I'm running into an issue with my (GKE) Kubernetes deployment's startupProbe. My container exposes a /v1/health endpoint that returns JSON with a "status" field. The probe is configured as follows:
startupProbe:
exec:
command:
- sh
- -c
- >
curl --silent --fail http://localhost:8080/v1/health |
grep --quiet -e '\"status\":\"healthy\"'
initialDelaySeconds: 20
periodSeconds: 10
timeoutSeconds: 10
failureThreshold: 18
This should allow up to 3 minutes for the app to become healthy.

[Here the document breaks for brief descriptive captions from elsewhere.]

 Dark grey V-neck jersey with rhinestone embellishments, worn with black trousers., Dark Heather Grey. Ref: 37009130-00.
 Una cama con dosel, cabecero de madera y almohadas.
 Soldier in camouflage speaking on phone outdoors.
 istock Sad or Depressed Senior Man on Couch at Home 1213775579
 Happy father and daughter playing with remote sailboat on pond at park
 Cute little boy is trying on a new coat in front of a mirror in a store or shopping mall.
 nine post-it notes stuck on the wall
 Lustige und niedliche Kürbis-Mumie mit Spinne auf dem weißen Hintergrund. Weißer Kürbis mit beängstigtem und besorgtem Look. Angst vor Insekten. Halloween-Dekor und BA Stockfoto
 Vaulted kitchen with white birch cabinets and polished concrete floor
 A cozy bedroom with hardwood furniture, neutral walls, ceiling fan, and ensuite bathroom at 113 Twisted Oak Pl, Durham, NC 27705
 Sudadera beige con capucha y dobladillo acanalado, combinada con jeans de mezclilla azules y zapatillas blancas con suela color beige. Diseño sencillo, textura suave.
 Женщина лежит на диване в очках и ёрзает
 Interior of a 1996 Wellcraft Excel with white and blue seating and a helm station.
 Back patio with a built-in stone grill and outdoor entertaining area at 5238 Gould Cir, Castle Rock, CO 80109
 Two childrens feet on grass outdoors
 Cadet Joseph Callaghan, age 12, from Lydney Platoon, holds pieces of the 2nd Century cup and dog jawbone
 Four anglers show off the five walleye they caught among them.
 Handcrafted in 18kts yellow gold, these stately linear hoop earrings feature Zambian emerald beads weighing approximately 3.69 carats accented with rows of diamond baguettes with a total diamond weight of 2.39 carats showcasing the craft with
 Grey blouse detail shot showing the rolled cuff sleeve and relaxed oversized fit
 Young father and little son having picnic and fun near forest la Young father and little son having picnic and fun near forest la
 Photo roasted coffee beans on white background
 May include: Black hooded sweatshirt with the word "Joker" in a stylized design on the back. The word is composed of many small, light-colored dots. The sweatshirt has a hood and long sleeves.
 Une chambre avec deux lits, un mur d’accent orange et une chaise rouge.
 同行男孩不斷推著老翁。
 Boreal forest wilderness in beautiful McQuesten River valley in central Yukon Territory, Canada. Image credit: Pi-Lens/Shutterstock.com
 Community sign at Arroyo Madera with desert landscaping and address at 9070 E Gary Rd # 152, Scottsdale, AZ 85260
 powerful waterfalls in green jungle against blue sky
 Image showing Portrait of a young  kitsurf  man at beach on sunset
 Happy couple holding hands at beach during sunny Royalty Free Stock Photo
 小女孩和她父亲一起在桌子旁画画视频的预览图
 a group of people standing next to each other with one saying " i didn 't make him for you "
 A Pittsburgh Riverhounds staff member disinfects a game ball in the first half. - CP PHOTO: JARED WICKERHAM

However, the probe keeps failing and the pod restarts, even though:
The health endpoint returns "status":"undetermined" for a while, then switches to "status":"healthy" (usually within the 3-minute window).
If I manually exec into the pod and run the probe command, it succeeds once the app is up.
k exec -ti <> -- sh -c 'curl -s http://localhost:8080/v1/health'
{"build_info":{"app_name":"<>","app_version":"<>","build_timestamp":"2025-04-16T18:08:36Z","built_by":"<>","commit_id":"<>"},"status":"healthy","uptime":"13m51.712240388s"}
Both curl and grep are present in the image.
This is the ouput when I describe the pod.
Warning Unhealthy 10m (x4 over 11m) kubelet Startup probe failed:
The health-check was eventually passing and the restart attempt stopped. The issue is that Kubernetes does not report when a health check stops failing and starts passing.
After observing and troubleshooting for a long time I finally realized this when the error counter did not increase after many minutes.